Work to be completed:
Images don't belong in the copy. Output the rest of the data exactly.
===== Information provided =====
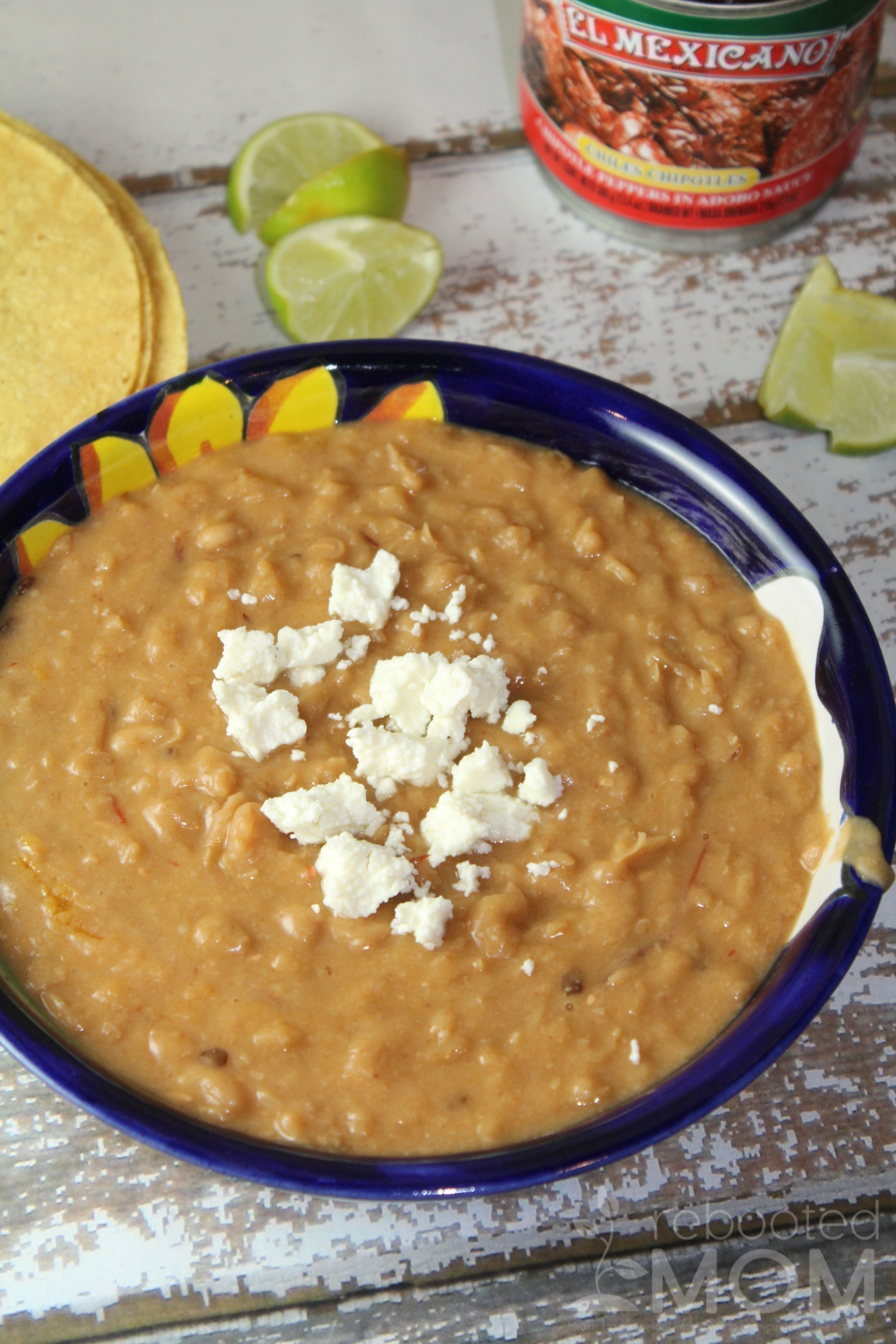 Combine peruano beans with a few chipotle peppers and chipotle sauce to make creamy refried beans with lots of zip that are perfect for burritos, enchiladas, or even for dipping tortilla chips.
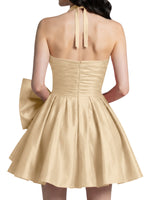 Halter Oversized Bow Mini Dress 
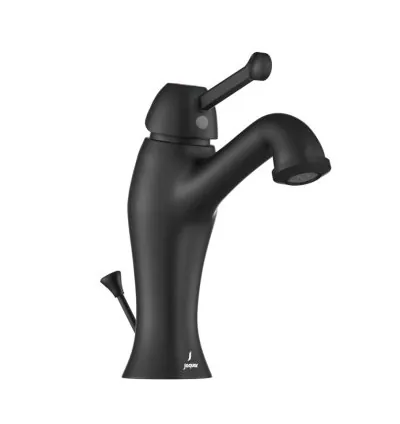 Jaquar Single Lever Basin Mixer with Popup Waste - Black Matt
=====
Problem solution:
 Combine peruano beans with a few chipotle peppers and chipotle sauce to make creamy refried beans with lots of zip that are perfect for burritos, enchiladas, or even for dipping tortilla chips.
 Halter Oversized Bow Mini Dress 
 Jaquar Single Lever Basin Mixer with Popup Waste - Black Matt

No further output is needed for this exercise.